What this task involves –
Please repeat exactly the lines from the one containing "Portrait of beautiful" to the end of the entries below, both included, and omit all pictures.

BEGIN Working data

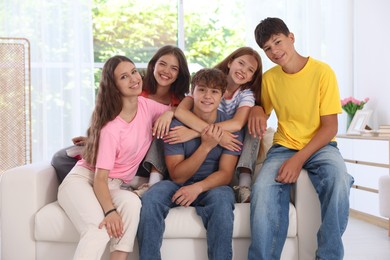Photo of Happy teenage friends sitting on sofa indoors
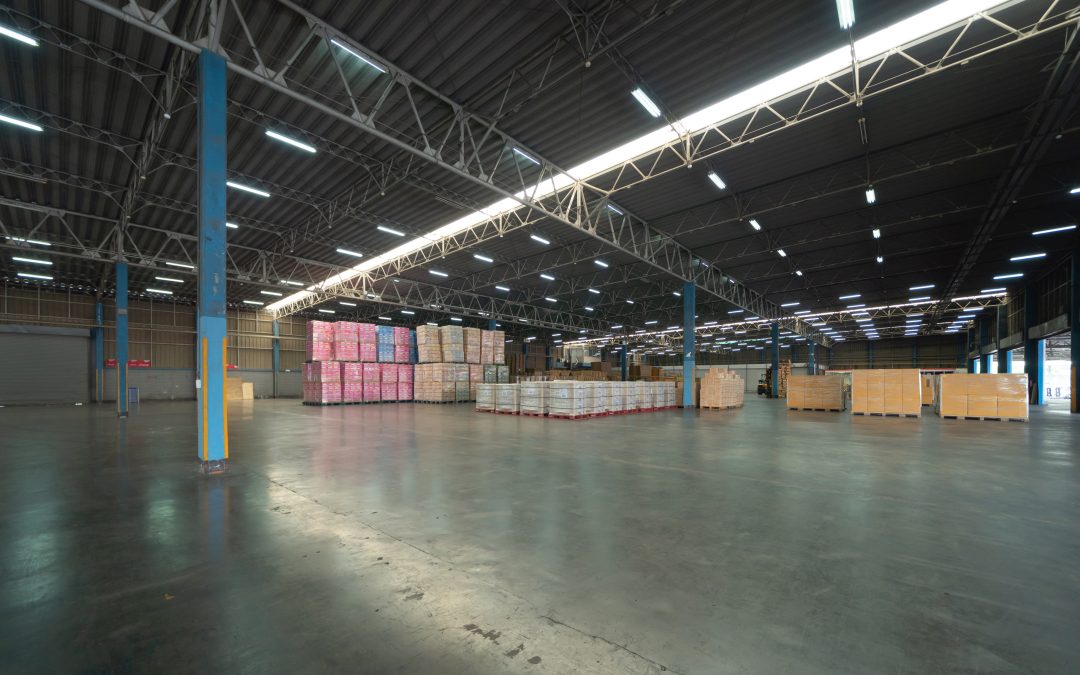 Spacious warehouse interior with stacked pallets and boxes under bright overhead lighting.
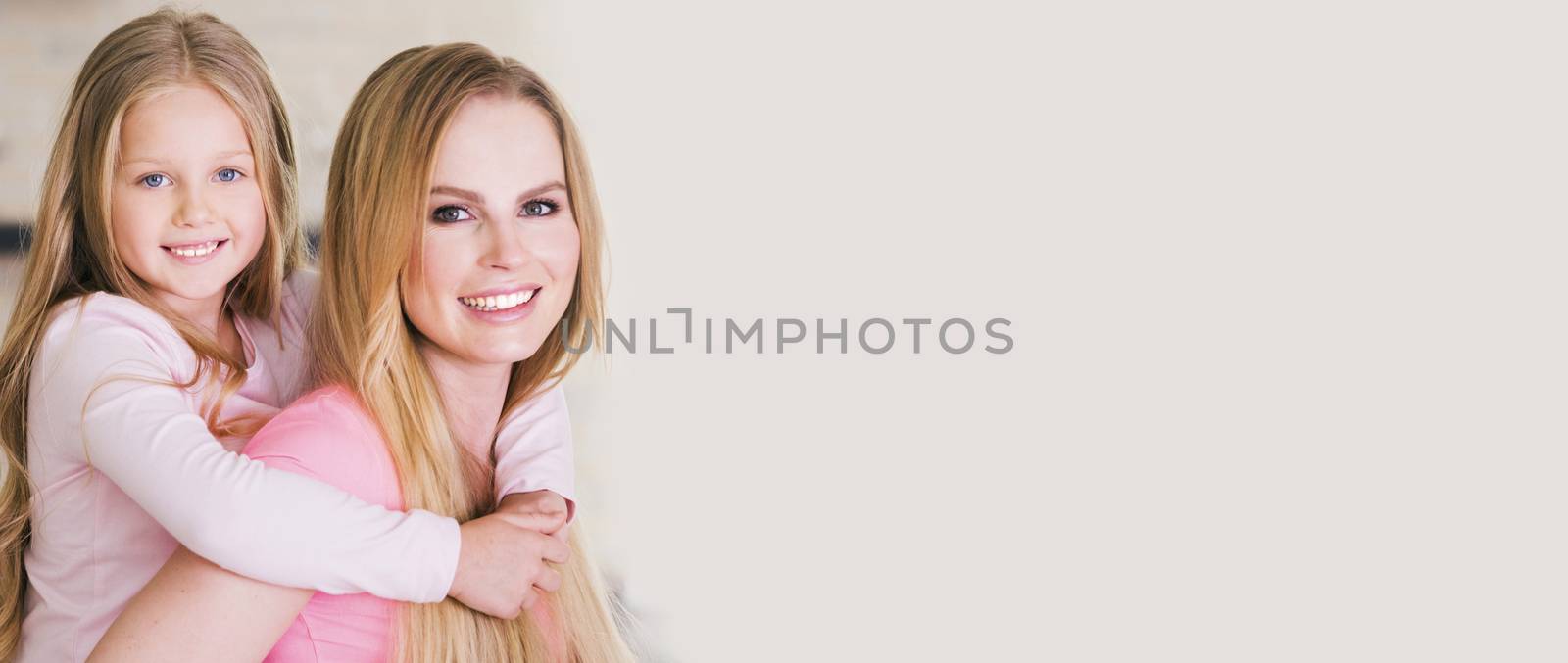 Portrait of beautiful young mother and daughter piggyback ride, photo with copy space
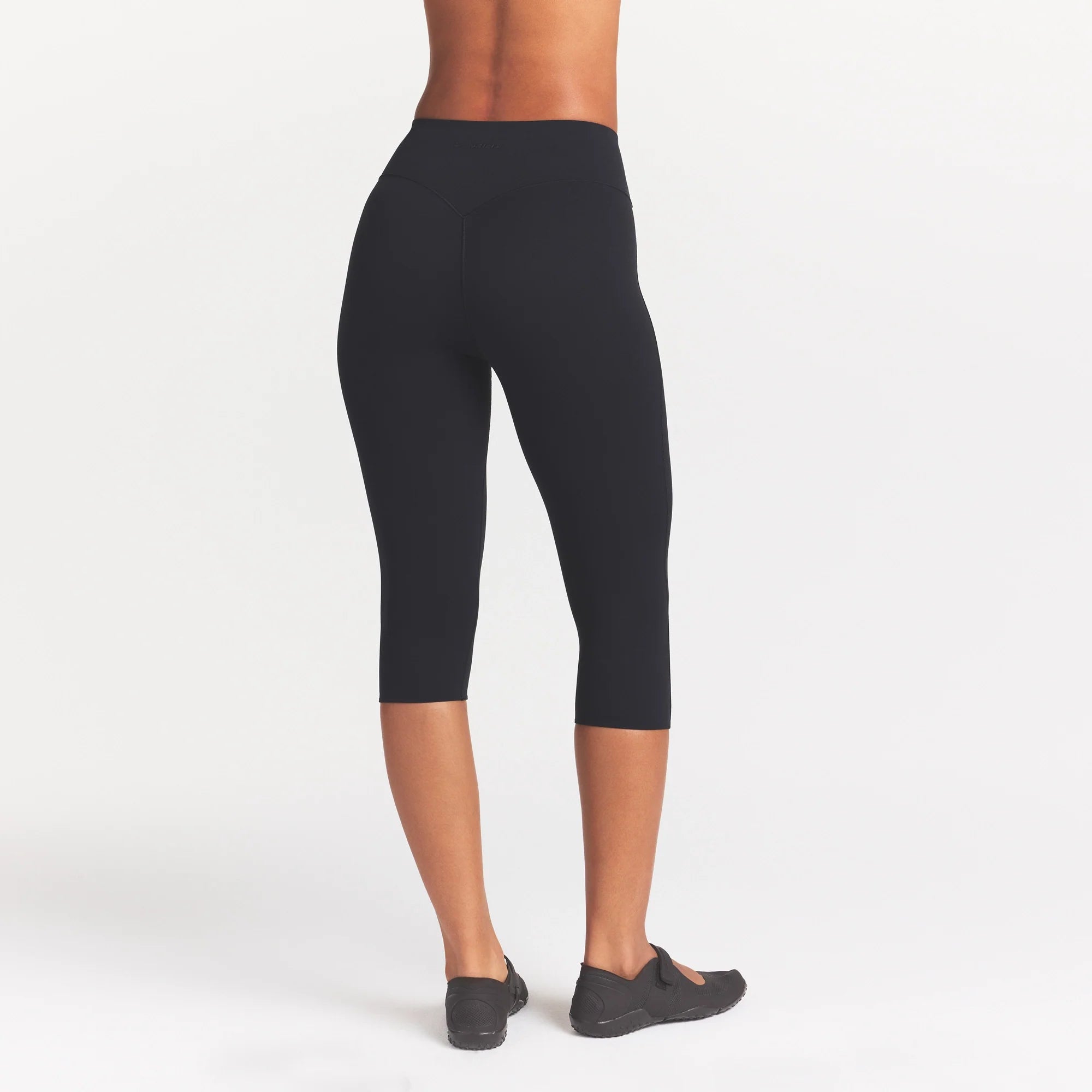 NikeSKIMS STUDIO STRETCH 17" CAPRI LEGGING | OBSIDIAN ON A MODEL SIDE VIEW @ | FOCUS: 0.0, 1.0, 0.9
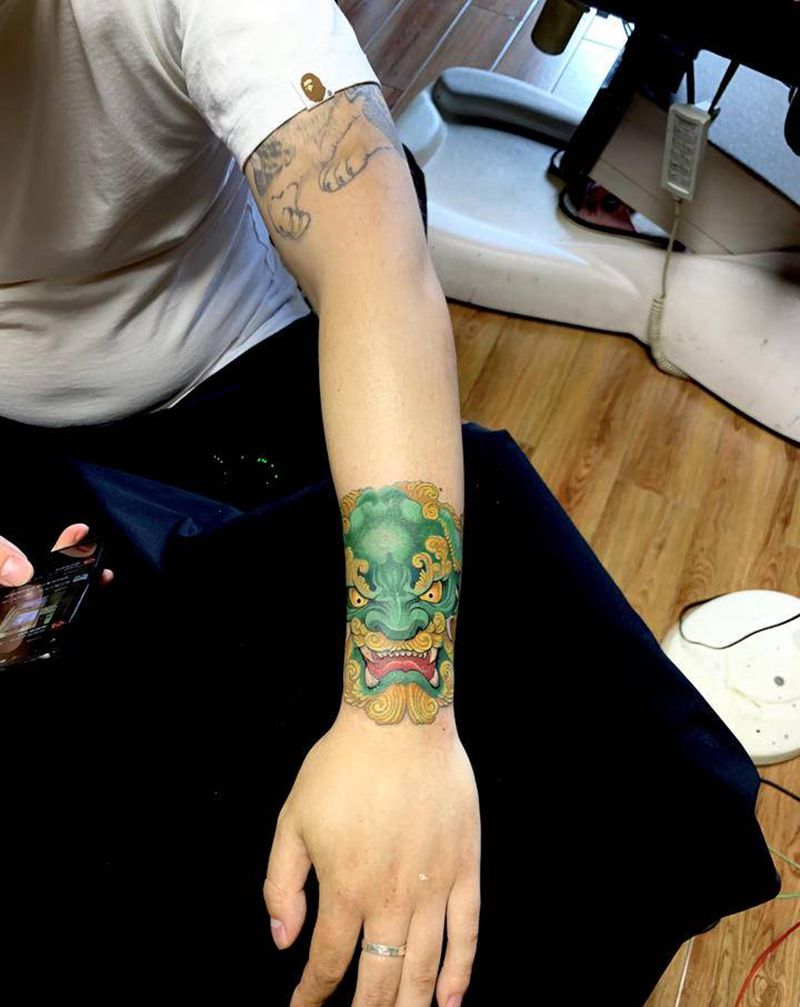 唐狮纹身图片_手臂新传统唐狮纹身图案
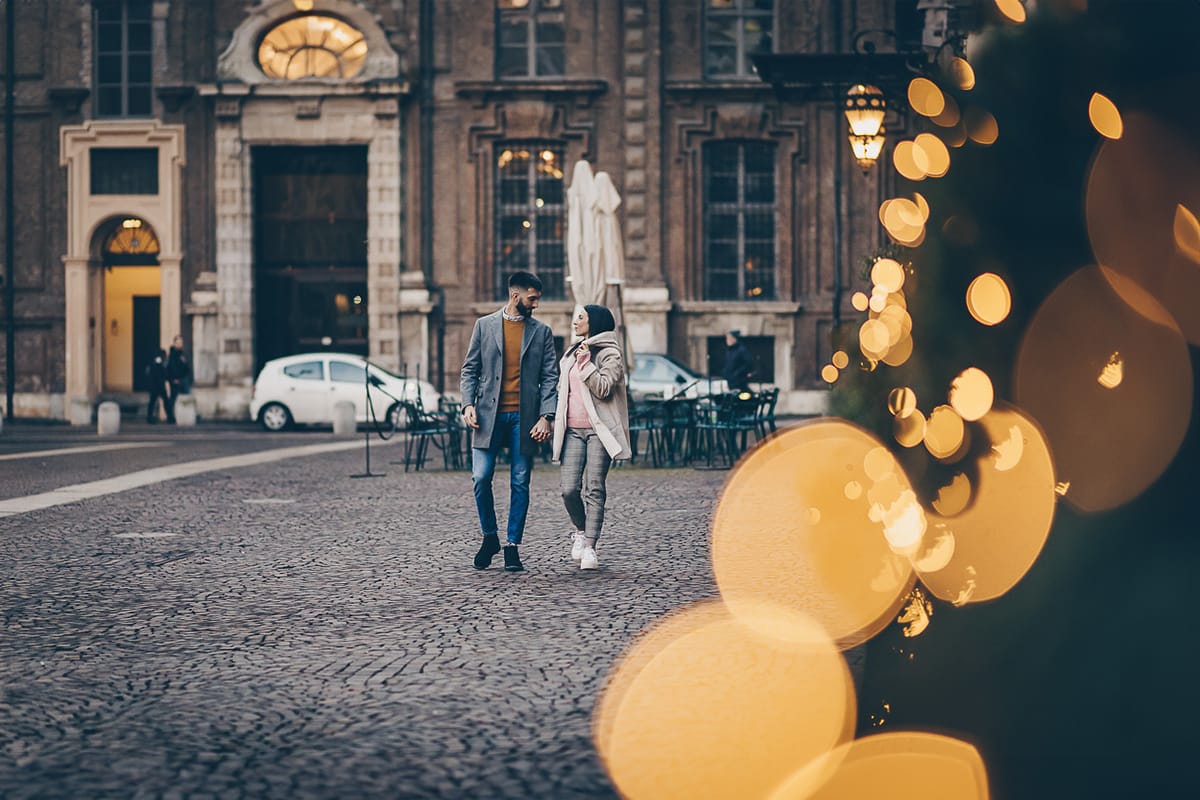 Servizio fotografico di coppia natalizio nel centro di Torino. Coppia in piazza Carignano con le luci natalizie che creano il bokeh.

END Working data

Result –
 Portrait of beautiful young mother and daughter piggyback ride, photo with copy space
 NikeSKIMS STUDIO STRETCH 17" CAPRI LEGGING | OBSIDIAN ON A MODEL SIDE VIEW @ | FOCUS: 0.0, 1.0, 0.9
 唐狮纹身图片_手臂新传统唐狮纹身图案
 Servizio fotografico di coppia natalizio nel centro di Torino. Coppia in piazza Carignano con le luci natalizie che creano il bokeh.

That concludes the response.